§ WORK TASK: With the pictures left out, set down the line containing "rijp ijzig acryl van Bleu" and each line after it to the end of the material, exactly as written.

::::

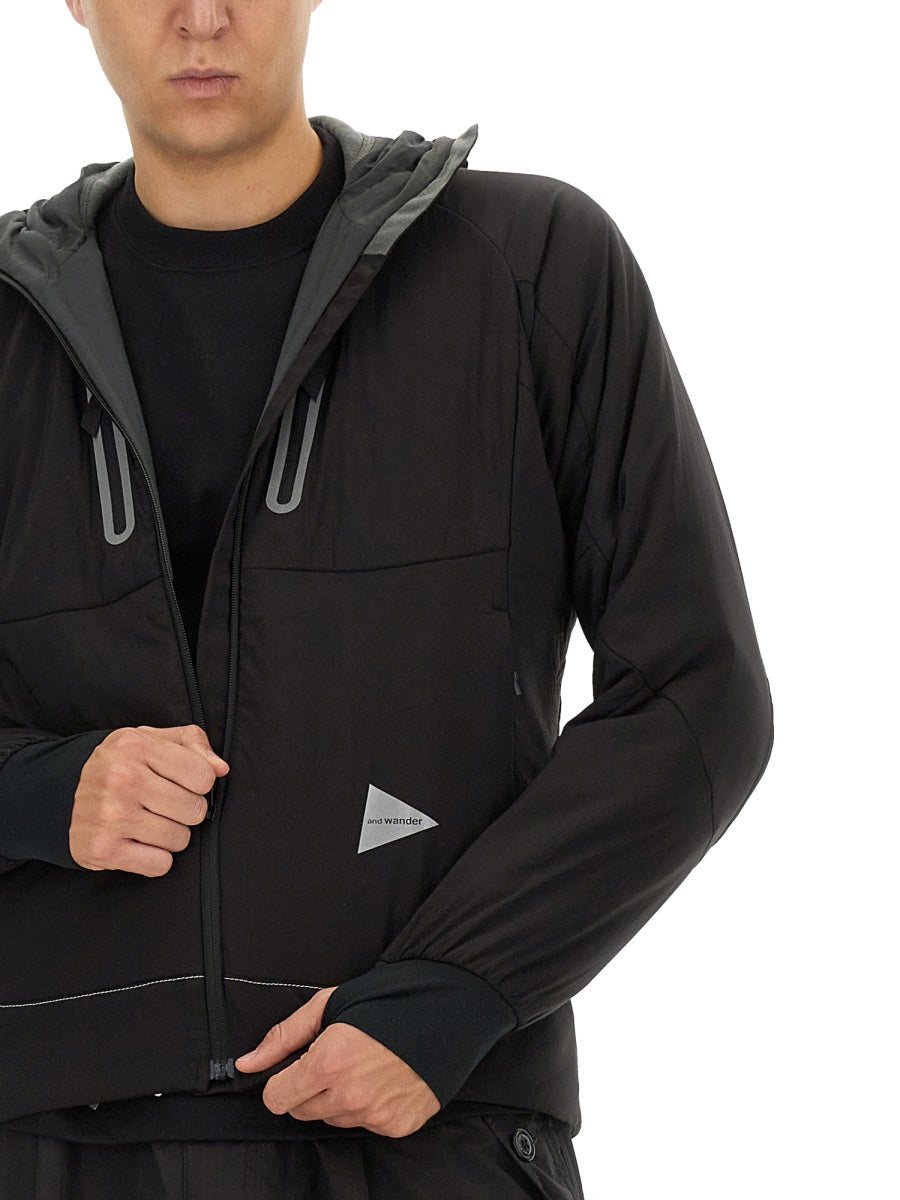And Wander Alpha Air Sweatshirt — Black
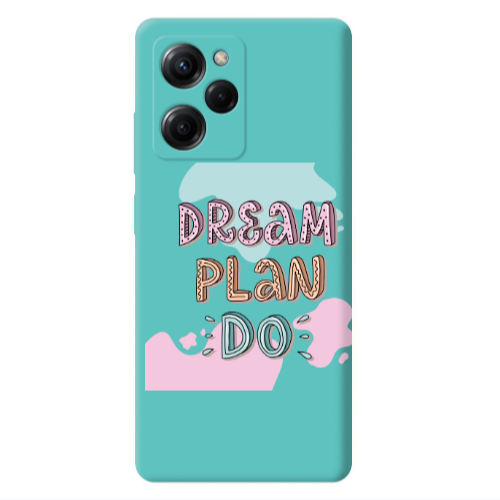 Xiaomi Poco X5 Pro Dream Plan Do Turquoise Colored Silicone TPU Θήκη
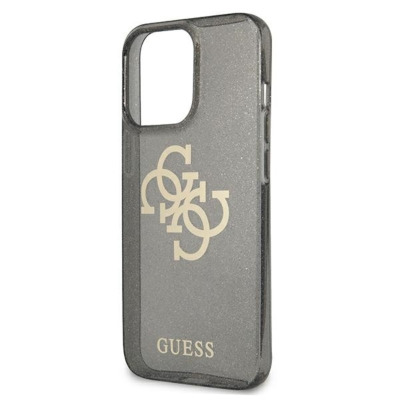 Etui do iPhone 13 Pro Guess Glitter 4G Big Logo - czarny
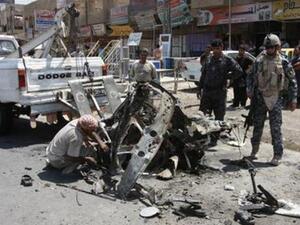 موقع تفجير في بغداد
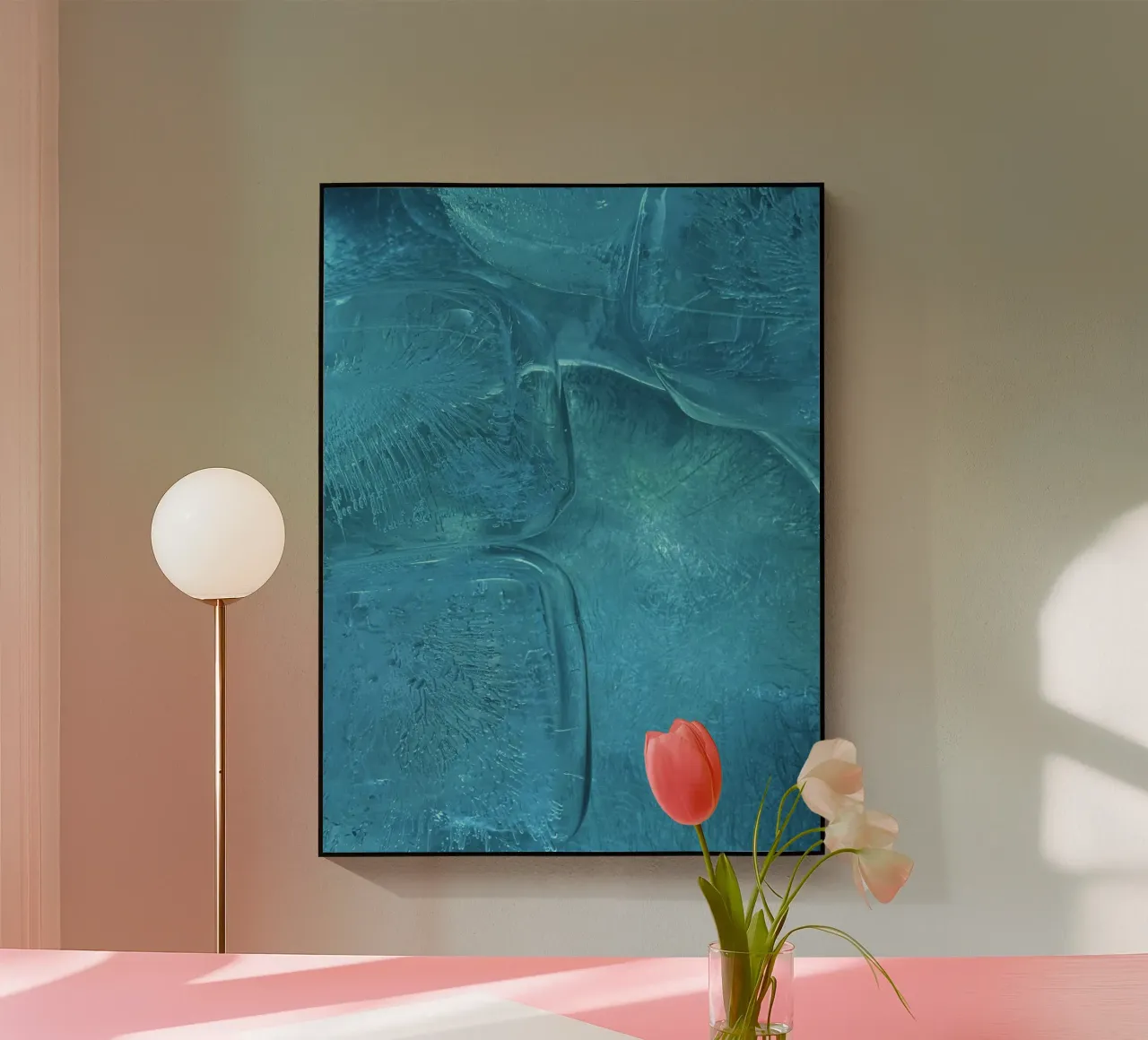 rijp ijzig acryl van Bleu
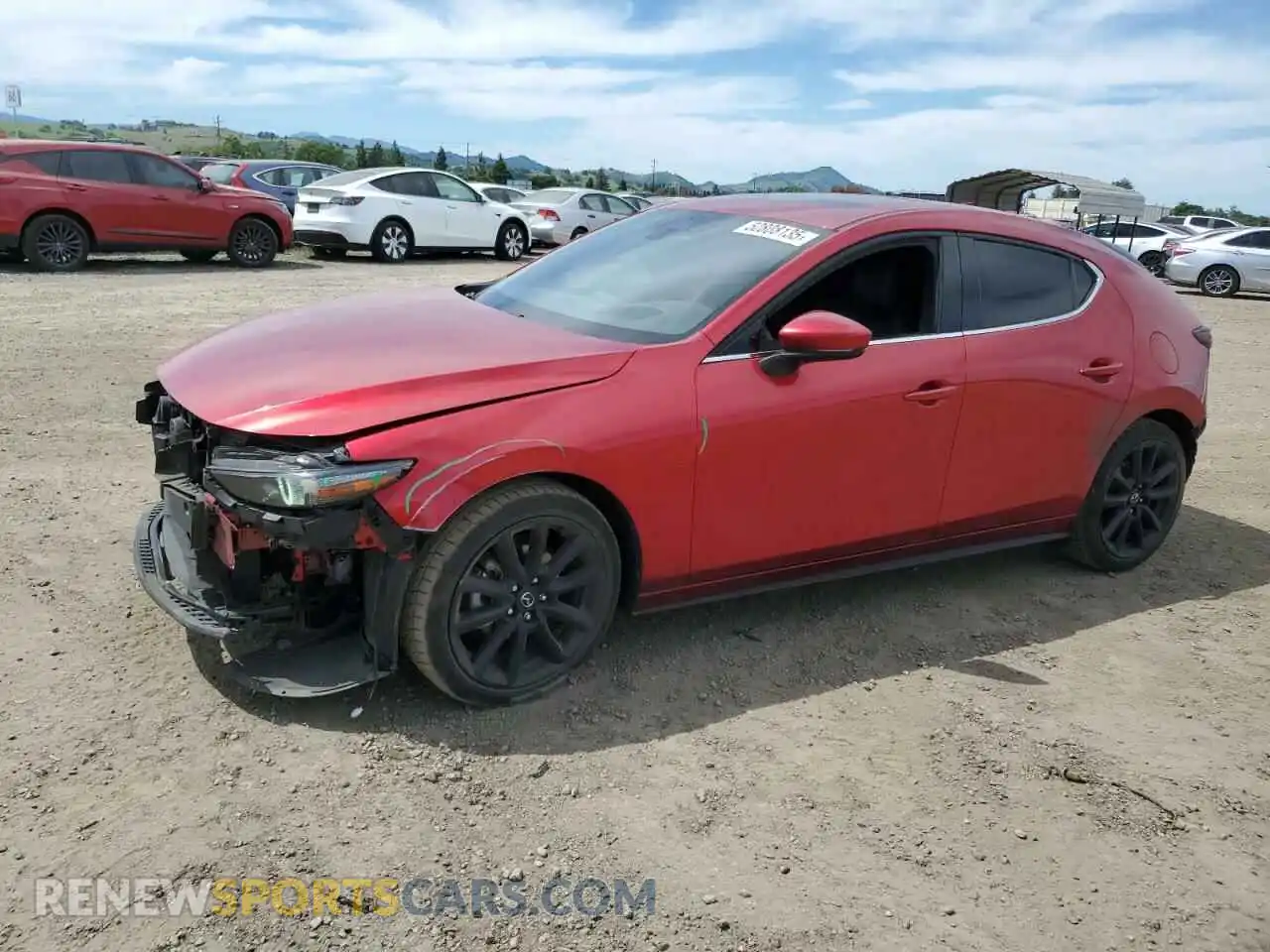 1 Photograph of a damaged car JM1BPANM1L1164801 MAZDA 3 2020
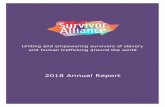 2018 Annual Report - Survivor Alliance · 2018 Annual Report . 2 Thank you to all of our individual donors for sharing your time, talent, or treasure this year. Alex S., An Nguyen,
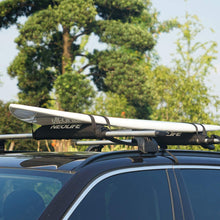 wonitago Soft Roof Rack Pads with Two 15 Ft Tie Down Straps for Surfboard, SUP Paddleboard, Snowboard, 28/34inch (Pair)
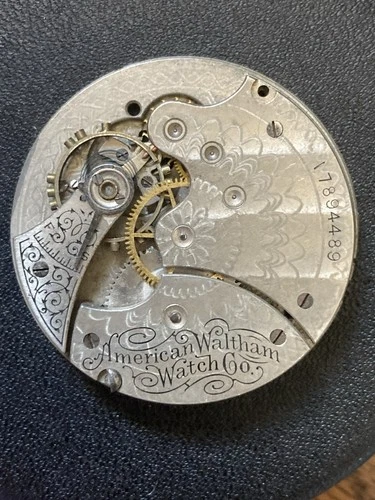 6s 7j Waltham Pocket Watch Movment for Parts Or Repair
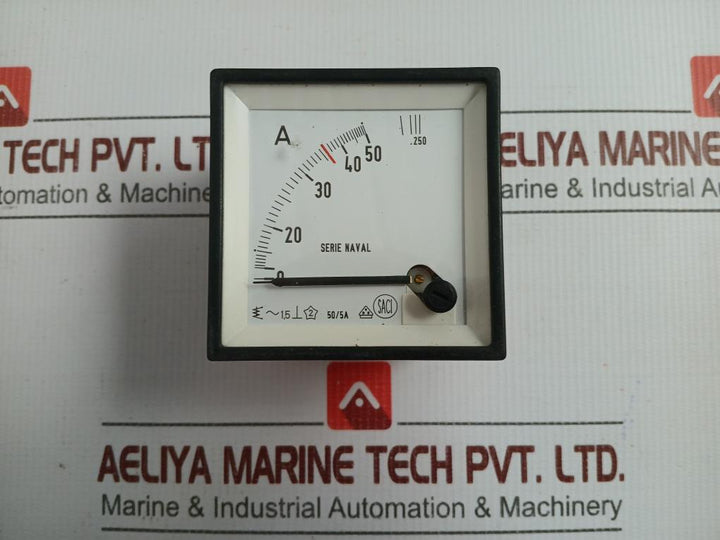 Saci 0-50/250 A Analog Panel Ammeter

::::

§ TASK SOLUTION:
 rijp ijzig acryl van Bleu
 1 Photograph of a damaged car JM1BPANM1L1164801 MAZDA 3 2020
 2018 Annual Report - Survivor Alliance · 2018 Annual Report . 2 Thank you to all of our individual donors for sharing your time, talent, or treasure this year. Alex S., An Nguyen,
 wonitago Soft Roof Rack Pads with Two 15 Ft Tie Down Straps for Surfboard, SUP Paddleboard, Snowboard, 28/34inch (Pair)
 6s 7j Waltham Pocket Watch Movment for Parts Or Repair
 Saci 0-50/250 A Analog Panel Ammeter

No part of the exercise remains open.